- Born: Late 13th century Marrakesh, Morocco
- Died: After 1312 CE
- Occupations: Historian, Qāʾid (commander)

Academic work
- Era: Medieval Islamic period
- Main interests: History of the Maghreb and Al-Andalus
- Notable works: Al-Bayan al-Mughrib

= Ibn 'Idhari =

Late 13th/early 14th century Maghrebi writer and historian

Abū al-ʽAbbās Aḥmad ibn Muḥammad ibn ʽIḏārī al-Marrākushī (أبو العباس أحمد ابن عذاري المراكشي) was a Moroccan historian of the late-13th/early-14th century, and author of the famous Al-Bayan al-Mughrib, an important medieval history of the Maghreb and Al-Andalus (now the Iberian Peninsula) written in 1312.

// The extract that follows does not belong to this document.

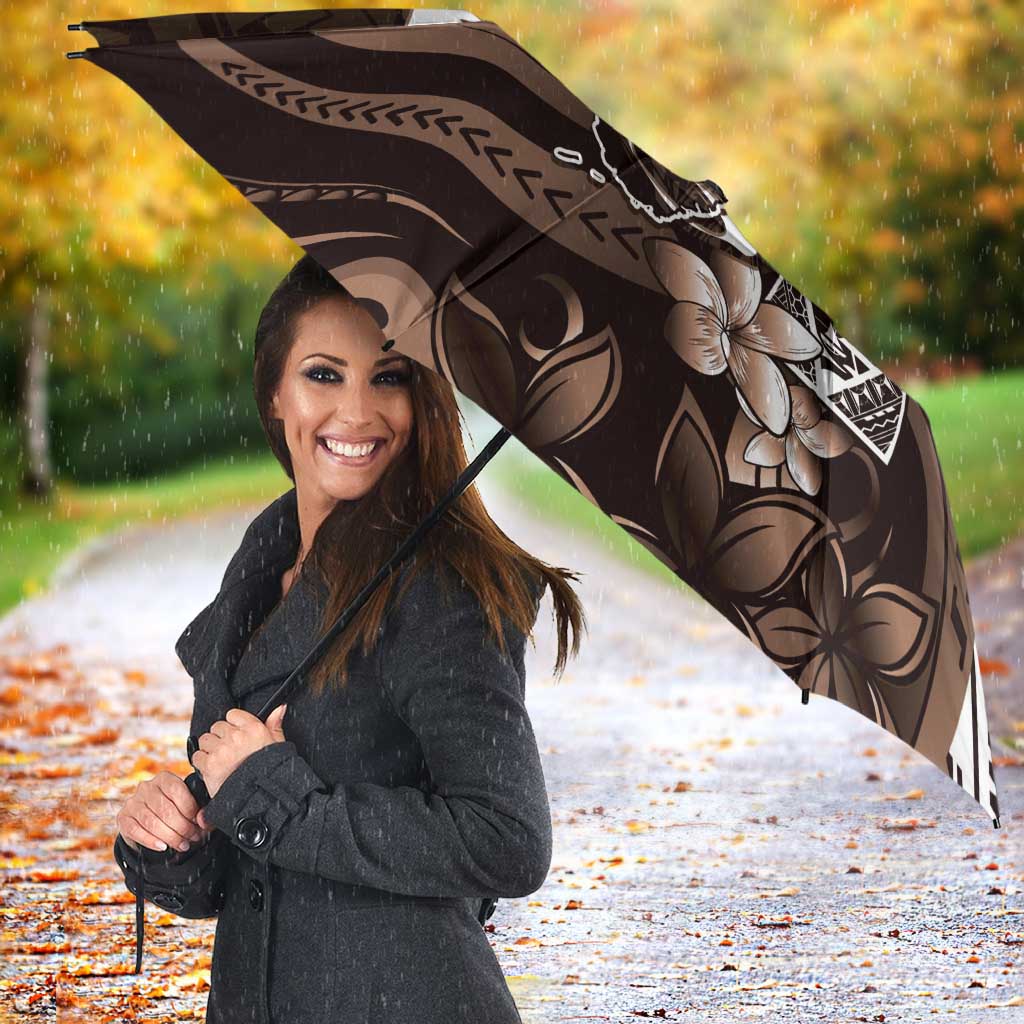 Hafa Adai Guam Discovery Day Umbrella Chamorro Latte Stone Hand Brown Version LT14 - Polynesian Pride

Ibn Idhāri was born and lived in Marrakesh (present-day Morocco), and was a qāʾid ('commander') of Fez. Little is known of his life. His only surviving work, Al-Bayan al-Mughrib, is a history of North Africa from the conquest of Miṣr in 640/1 AD to the Almohad conquests in 1205/6 AD. Its value to modern scholarship lies in its extracts from older works, now lost, and in its material not found elsewhere, including reports of the first Viking raids on Al-Andalus in the ninth century. He mentions another biographic work on the caliphs, imāms and amīrs from across the Islamic world, which has not survived. He died after 1312 / 712 AH.